··· SUPPLIED RECORDS ···

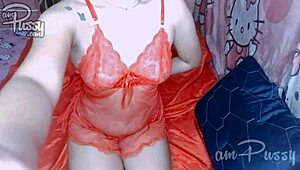 Amateur girl masturbates in lingerie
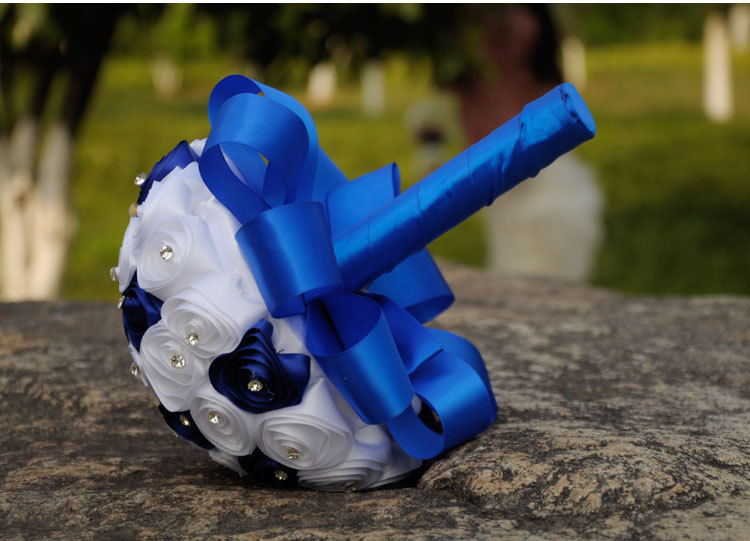 Wholesale of wedding supplies, including European, American and Korean style bridal and bridesmaid bouquets, bride throwing flowers, and simulated ribbon bouquets detail image 4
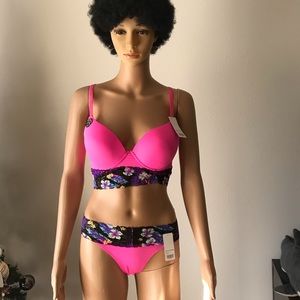 Lingerie Bras(36B) Panty (L).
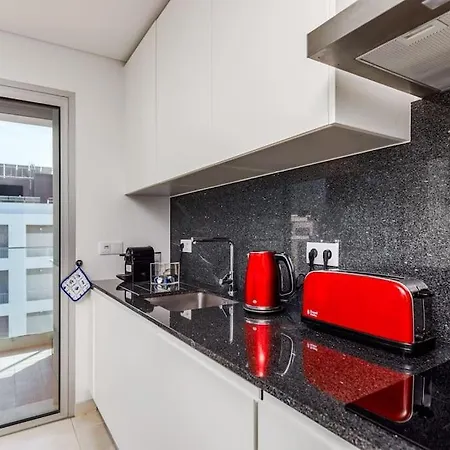 Lisbon South Bay Apartman *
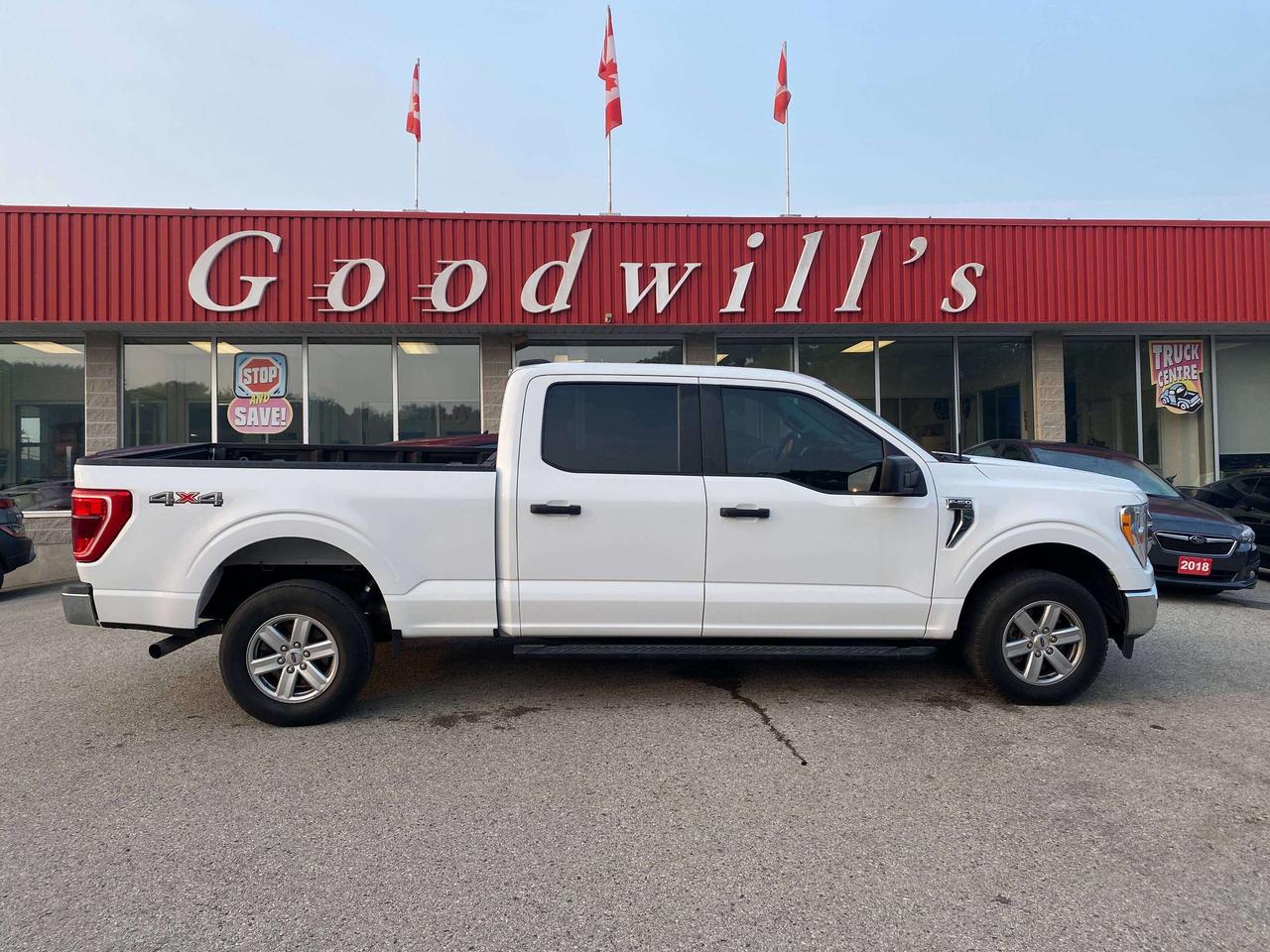 2022 Ford F-150 XLT, CLEAN CARFAX, 6 PASSENGER, BACK UP CAMERA! Photo0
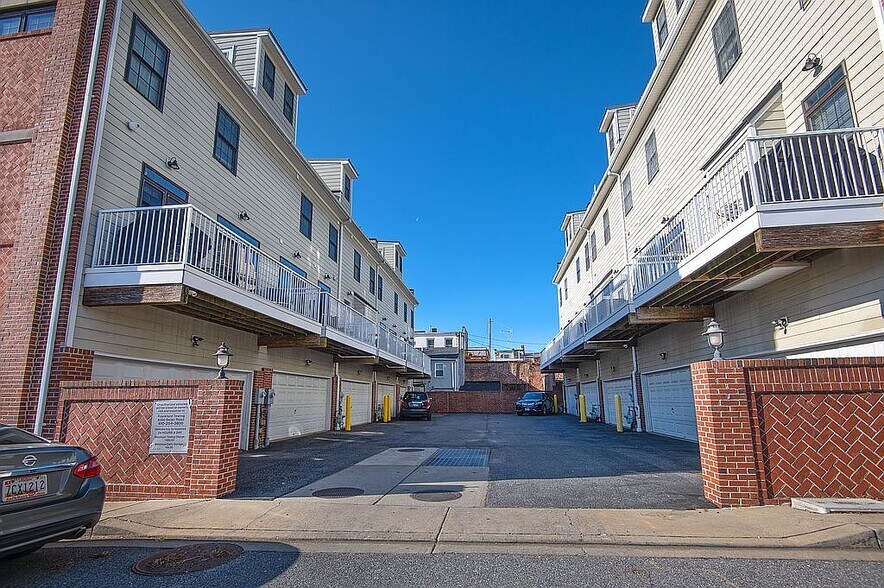 Building Photo - 2016 Fleet St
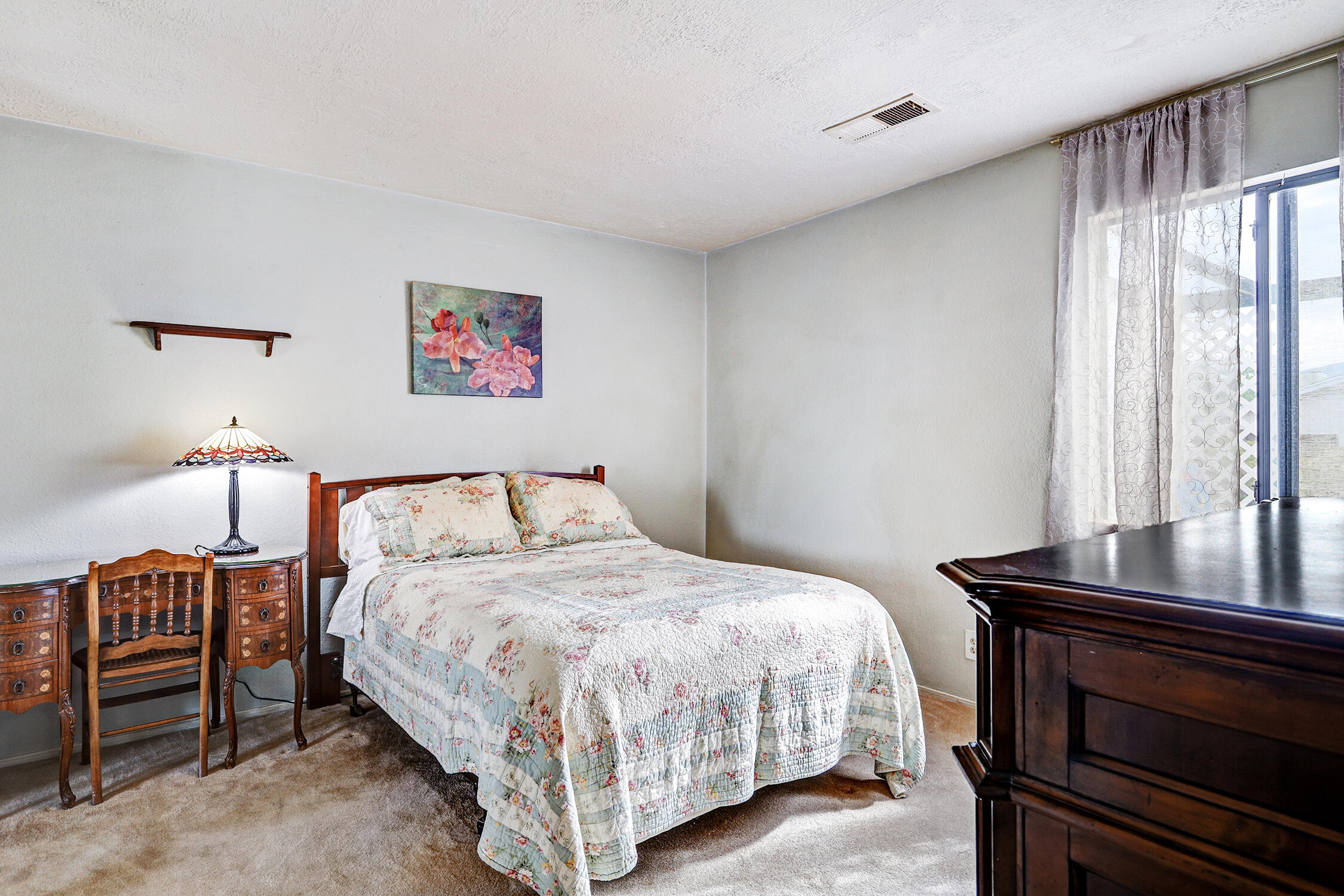 Photo 11 — 166 Coral Drive NE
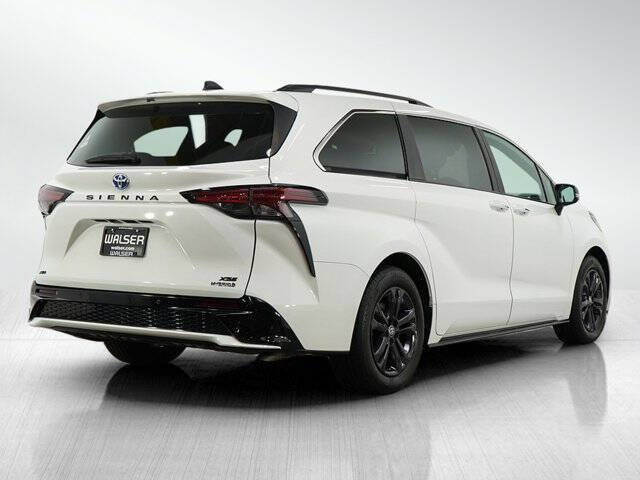 2024 Toyota Sienna XSE 7-Passenger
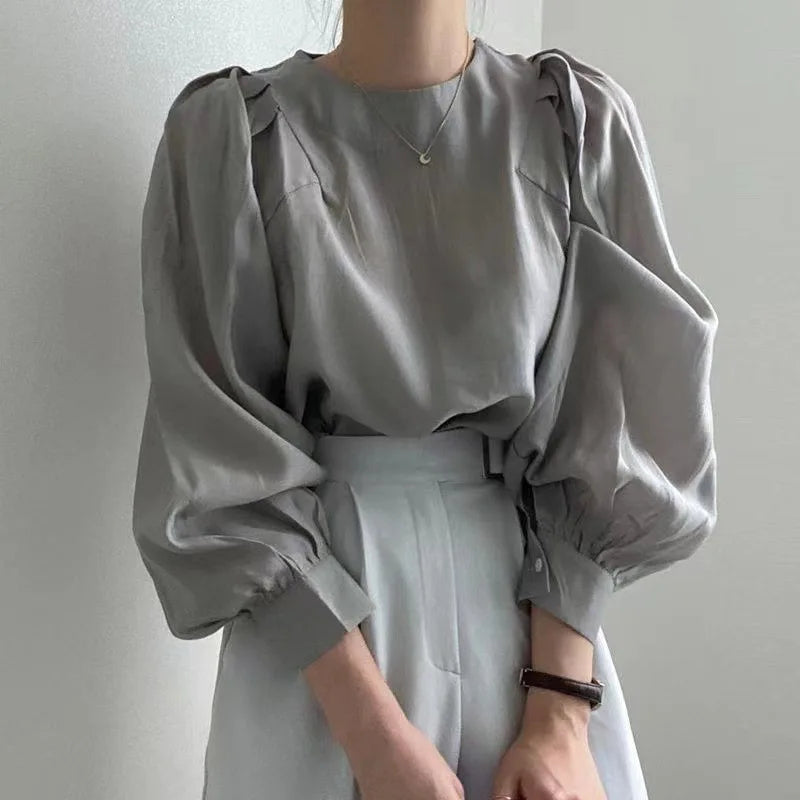 Boutique Wholesale 2026 Summer New Casual French Style Simple Round Neck Bubble Sleeve Temperament Versatile Women's Shirts
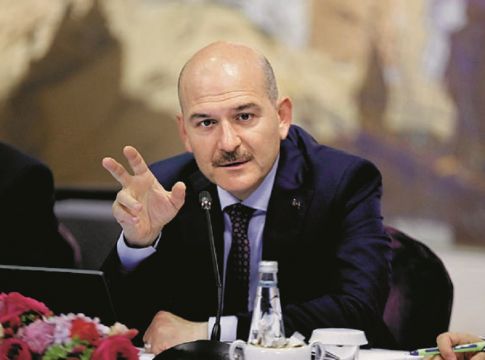 Εκτός ελέγχου ο Σοϊλού με προπαγανδιστικό βίντεο: «Η Ελλάδα επιχειρεί να κάψει ανθρώπους»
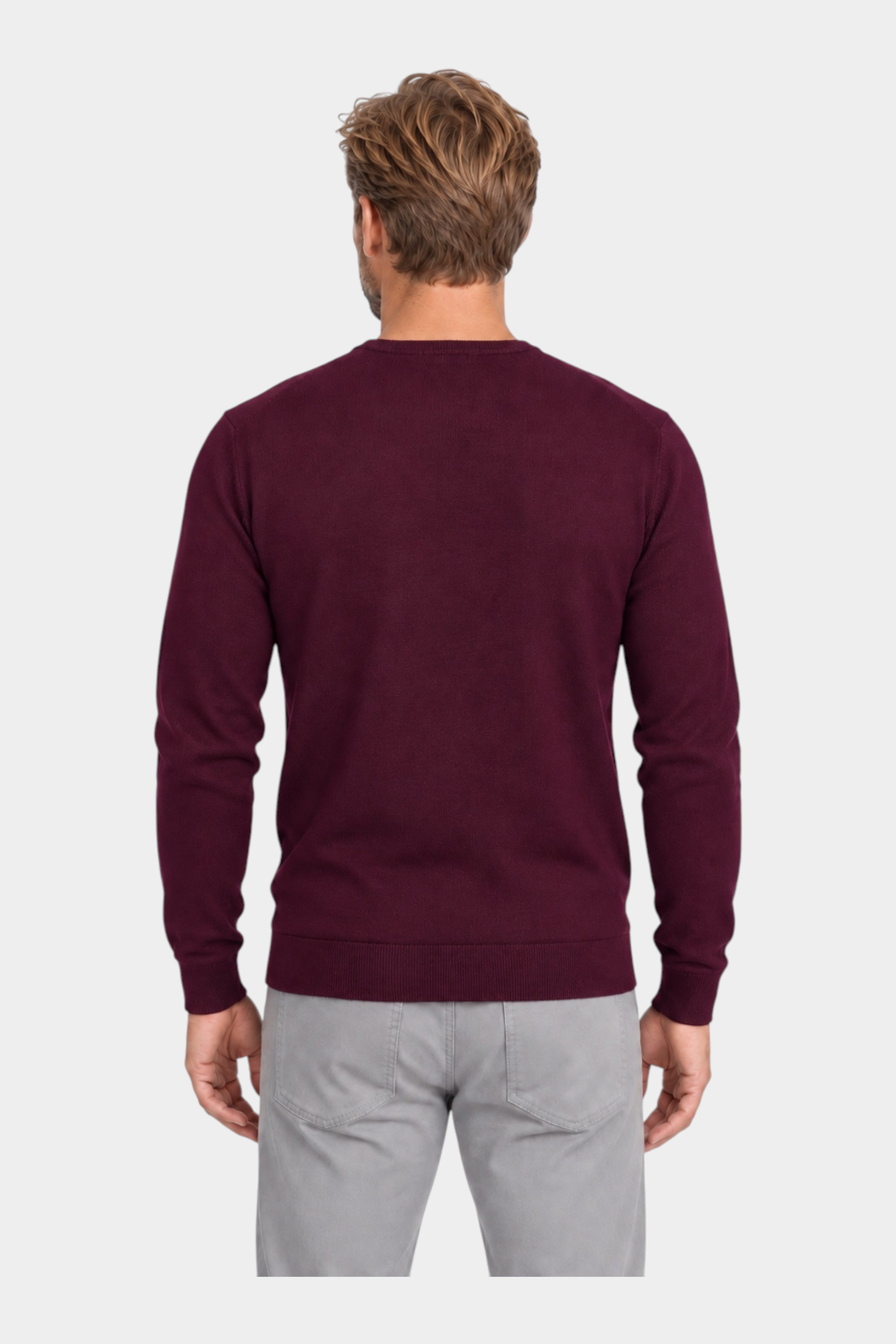 Vista posteriore di un uomo che indossa una maglia girocollo in filo bordeaux Follower SRL su pantaloni grigi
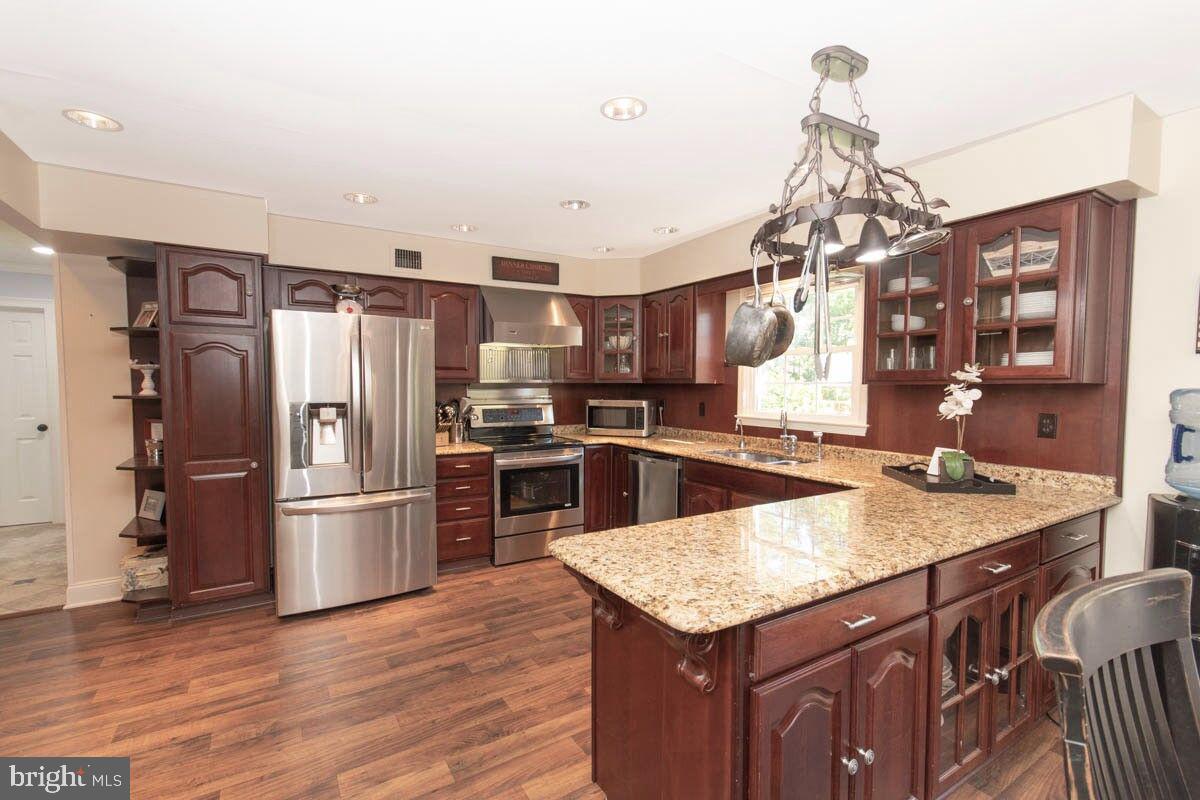 411 Hickory Road Huntingdon Valley, PA 19006 - Photo 16 of 24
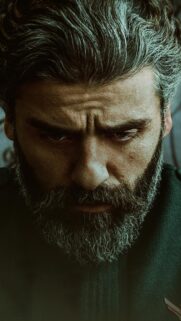 Oscar Isaac High-Quality Mobile Wallpaper – Cinematic Portrait 4K Background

···

**TASK ITEM**
Transcribe the whole listing exactly but exclude images.

**SOLUTION TO THE PROBLEM**
 Amateur girl masturbates in lingerie
 Wholesale of wedding supplies, including European, American and Korean style bridal and bridesmaid bouquets, bride throwing flowers, and simulated ribbon bouquets detail image 4
 Lingerie Bras(36B) Panty (L).
 Lisbon South Bay Apartman *
 2022 Ford F-150 XLT, CLEAN CARFAX, 6 PASSENGER, BACK UP CAMERA! Photo0
 Building Photo - 2016 Fleet St
 Photo 11 — 166 Coral Drive NE
 2024 Toyota Sienna XSE 7-Passenger
 Boutique Wholesale 2026 Summer New Casual French Style Simple Round Neck Bubble Sleeve Temperament Versatile Women's Shirts
 Εκτός ελέγχου ο Σοϊλού με προπαγανδιστικό βίντεο: «Η Ελλάδα επιχειρεί να κάψει ανθρώπους»
 Vista posteriore di un uomo che indossa una maglia girocollo in filo bordeaux Follower SRL su pantaloni grigi
 411 Hickory Road Huntingdon Valley, PA 19006 - Photo 16 of 24
 Oscar Isaac High-Quality Mobile Wallpaper – Cinematic Portrait 4K Background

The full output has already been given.